Michel BERNARD
Moi, l'évier et Dieu
Esperluète Editions
Noville-sur-Mehaigne
2000
45 p.
Zinzin du siphon
Dans l'évier, une fêlure. L'eau s'échappe et on pourrait croire à un simple problème de plomberie mais on se trompe, c'est beaucoup plus compliqué que ça, on touche ici à une question d'ordre métaphysique. Pourtant l'eau s'échappe toujours par la fêlure de l'évier et il faut la boucher avec autre chose que de la métaphysique, avec une assiette cassée par exemple et du plâtre. Et après ça il faut tout boucher, tout, c'est une « question de devoir, de morale, d'éthique », boucher toute la maison avec d'autres assiettes qu'il faut casser et coller avec du plâtre.

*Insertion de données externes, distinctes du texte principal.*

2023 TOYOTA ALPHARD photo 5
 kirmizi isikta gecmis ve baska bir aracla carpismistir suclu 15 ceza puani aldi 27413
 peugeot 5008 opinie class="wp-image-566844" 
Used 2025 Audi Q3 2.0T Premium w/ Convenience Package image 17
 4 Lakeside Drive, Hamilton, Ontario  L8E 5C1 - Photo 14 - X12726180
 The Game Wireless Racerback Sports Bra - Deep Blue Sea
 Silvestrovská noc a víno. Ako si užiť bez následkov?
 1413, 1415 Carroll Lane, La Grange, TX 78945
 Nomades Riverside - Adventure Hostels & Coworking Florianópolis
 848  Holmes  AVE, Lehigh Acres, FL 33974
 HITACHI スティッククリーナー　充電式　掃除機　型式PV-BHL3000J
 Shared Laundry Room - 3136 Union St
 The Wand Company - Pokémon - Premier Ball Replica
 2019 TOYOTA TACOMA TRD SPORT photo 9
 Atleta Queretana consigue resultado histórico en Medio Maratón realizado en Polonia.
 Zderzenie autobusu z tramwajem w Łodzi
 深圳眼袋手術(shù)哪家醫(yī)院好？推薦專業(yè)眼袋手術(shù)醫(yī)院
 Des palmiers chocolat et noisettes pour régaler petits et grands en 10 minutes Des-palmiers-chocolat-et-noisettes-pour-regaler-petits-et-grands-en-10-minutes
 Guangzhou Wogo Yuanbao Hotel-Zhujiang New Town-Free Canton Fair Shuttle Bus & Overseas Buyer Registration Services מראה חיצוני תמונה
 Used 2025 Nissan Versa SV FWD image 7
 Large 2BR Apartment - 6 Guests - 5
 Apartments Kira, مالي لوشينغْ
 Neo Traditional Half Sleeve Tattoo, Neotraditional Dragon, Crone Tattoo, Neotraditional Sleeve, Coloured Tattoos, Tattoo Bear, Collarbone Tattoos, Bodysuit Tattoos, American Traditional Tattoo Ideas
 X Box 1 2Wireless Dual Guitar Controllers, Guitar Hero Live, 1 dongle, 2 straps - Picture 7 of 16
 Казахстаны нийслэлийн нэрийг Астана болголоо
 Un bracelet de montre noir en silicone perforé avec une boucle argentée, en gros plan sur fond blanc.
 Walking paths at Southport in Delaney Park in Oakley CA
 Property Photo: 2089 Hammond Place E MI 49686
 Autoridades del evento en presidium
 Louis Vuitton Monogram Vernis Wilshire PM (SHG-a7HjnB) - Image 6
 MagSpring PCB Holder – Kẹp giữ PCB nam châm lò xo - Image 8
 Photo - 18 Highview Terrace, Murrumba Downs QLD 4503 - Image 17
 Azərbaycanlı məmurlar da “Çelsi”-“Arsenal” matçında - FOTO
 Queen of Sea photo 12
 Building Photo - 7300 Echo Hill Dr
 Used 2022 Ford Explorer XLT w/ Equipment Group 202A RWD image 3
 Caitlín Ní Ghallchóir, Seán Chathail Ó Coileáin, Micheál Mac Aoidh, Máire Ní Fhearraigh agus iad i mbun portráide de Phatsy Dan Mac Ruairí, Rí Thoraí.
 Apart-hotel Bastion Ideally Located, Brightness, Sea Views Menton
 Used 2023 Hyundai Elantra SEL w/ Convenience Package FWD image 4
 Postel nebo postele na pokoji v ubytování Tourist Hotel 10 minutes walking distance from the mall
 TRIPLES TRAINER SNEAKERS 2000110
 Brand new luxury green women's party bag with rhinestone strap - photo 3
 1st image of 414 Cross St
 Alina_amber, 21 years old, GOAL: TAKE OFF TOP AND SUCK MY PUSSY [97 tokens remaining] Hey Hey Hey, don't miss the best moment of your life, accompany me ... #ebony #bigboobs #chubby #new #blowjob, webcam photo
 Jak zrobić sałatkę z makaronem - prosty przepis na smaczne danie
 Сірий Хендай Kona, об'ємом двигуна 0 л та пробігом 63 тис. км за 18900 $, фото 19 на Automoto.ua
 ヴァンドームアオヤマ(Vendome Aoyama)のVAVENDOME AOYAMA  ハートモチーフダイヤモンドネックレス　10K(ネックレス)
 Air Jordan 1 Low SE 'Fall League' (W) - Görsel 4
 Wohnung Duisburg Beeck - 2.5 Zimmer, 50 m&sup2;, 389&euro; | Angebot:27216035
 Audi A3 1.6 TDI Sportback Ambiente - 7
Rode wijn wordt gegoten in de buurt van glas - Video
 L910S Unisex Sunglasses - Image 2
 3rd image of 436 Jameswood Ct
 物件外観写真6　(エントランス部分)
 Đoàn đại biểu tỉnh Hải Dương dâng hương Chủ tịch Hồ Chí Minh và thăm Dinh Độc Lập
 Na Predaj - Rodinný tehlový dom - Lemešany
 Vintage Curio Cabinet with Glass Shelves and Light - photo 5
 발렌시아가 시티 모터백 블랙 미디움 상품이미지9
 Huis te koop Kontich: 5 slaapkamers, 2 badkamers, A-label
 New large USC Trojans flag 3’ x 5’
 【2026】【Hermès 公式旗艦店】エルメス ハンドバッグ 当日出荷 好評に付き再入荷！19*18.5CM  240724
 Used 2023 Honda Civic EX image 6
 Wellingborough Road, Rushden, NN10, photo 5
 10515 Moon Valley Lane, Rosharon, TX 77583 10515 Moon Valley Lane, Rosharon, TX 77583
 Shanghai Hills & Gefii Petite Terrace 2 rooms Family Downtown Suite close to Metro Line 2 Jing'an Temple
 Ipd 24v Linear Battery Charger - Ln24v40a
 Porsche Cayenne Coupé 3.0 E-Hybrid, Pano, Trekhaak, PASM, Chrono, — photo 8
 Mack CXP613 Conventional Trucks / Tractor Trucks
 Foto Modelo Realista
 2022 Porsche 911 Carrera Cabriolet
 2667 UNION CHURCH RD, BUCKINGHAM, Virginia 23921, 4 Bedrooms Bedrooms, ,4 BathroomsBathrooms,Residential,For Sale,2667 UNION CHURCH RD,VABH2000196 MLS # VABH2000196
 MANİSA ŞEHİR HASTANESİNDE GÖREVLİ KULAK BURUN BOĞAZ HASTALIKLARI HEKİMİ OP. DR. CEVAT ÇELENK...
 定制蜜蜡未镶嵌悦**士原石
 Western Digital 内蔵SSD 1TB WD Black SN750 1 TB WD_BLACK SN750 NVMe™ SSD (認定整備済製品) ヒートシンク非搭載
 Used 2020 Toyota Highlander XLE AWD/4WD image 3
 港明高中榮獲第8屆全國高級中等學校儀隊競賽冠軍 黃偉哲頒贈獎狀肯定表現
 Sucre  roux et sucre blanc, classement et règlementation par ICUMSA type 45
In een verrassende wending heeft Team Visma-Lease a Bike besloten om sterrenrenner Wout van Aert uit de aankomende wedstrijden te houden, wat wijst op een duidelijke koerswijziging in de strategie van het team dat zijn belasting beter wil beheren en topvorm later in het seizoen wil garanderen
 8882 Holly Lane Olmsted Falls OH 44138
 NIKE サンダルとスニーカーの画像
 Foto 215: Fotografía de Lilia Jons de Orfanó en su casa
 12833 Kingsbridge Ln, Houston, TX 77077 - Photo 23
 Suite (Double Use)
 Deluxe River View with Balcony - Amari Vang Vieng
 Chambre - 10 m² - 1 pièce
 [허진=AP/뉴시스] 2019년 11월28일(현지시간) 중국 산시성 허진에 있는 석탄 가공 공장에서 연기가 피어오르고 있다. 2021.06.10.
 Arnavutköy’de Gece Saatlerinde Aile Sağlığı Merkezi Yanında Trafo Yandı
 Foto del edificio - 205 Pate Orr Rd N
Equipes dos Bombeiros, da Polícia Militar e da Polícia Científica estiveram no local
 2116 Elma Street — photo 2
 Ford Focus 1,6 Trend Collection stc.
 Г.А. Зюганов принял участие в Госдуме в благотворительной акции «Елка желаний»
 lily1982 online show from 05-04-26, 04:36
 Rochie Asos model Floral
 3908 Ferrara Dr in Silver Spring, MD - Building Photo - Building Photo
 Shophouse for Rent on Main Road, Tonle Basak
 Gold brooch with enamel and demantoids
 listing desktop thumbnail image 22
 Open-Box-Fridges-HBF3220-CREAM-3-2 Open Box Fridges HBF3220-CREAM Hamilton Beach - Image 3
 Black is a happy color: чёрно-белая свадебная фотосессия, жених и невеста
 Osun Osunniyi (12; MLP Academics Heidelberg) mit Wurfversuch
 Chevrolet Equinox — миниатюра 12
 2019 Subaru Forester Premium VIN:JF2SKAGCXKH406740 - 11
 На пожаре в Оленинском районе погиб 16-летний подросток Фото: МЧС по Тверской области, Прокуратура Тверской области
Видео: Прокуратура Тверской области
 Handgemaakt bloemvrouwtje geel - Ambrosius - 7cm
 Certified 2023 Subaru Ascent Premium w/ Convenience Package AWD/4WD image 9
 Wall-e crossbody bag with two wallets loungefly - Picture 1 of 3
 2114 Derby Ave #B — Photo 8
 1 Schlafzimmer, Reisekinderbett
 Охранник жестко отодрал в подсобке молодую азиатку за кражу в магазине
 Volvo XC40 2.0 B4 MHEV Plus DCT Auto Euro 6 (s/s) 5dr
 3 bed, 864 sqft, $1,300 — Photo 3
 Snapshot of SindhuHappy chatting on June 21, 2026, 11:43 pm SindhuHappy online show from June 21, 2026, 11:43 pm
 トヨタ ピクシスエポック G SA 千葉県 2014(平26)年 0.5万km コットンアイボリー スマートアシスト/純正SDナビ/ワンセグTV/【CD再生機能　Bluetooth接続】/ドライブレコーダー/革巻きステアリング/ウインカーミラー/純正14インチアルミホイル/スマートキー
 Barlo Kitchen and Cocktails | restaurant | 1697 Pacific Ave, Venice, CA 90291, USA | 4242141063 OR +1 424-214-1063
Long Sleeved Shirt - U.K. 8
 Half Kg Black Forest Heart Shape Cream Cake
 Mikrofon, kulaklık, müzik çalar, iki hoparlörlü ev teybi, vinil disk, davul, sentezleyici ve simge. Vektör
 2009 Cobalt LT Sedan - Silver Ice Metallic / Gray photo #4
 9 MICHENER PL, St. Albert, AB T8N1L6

L'histoire de R et de son évier est le premier des contes brutaux que contient Moi, l'évier et Dieu, de Michel Bernard. Ils lui ont été inspirés, comme leur nom le suggère, par des œuvres d'art brut, ils en sont « la trace » dit l'auteur, « la cicatrice des tourbillons qu'ils ont laissé paître [en lui] ». Bien inspirés d'ailleurs : avec rapidité, ils emmènent à leur tour le lecteur dans un tourbillon, verbal cette fois. Des gravures de Thierry Lenoir et de Kikie Crèvecœur accompagnent les contes, s'y enchaînent par barbelés, croix, puzzles, mécaniques en tous genres, le résultat est convaincant. Une nécessité « mathématique », propre à la folie, traverse le livre, nécessité de tout boucher, de tout bouffer, de tout trembler, de faire sans cesse des cacas et de jouer avec ou d'éviter que la chaudière ne produise de la chaleur. On pourrait croire à de la folie pure, pourtant quelque chose distingue la nécessité de ces « contes brutaux » de celle de la folie. Si on y retrouve l'écriture des « fous », la répétition, les obsessions de comptage, de bouchage, de bouffage, on décèle rapidement la logique qui soutient le texte ; l'auteur ne la codifie pas. Cela permet une compréhension plutôt aisée du texte : on rentre directement dans ces histoires. Parmi ces contes brutaux, le dernier, Pénélope, semble avoir un statut différent. Une jeune femme raconte l'histoire de la folie et de l'internement de son père qui ne s'est jamais remis de la guerre du Rif. Ici, la folie est décrite de l'extérieur, ce qui donne un éclairage différent où l'incompréhension à sa place. Incompréhension totale ? Le doute plane quand Pénélope se demande si au fond d'elle « [ses] gènes savent quelque chose ». Et les miens ? C'est probable, mais en cas de fêlure d'évier, désormais, j'appelle tout de suite le plombier.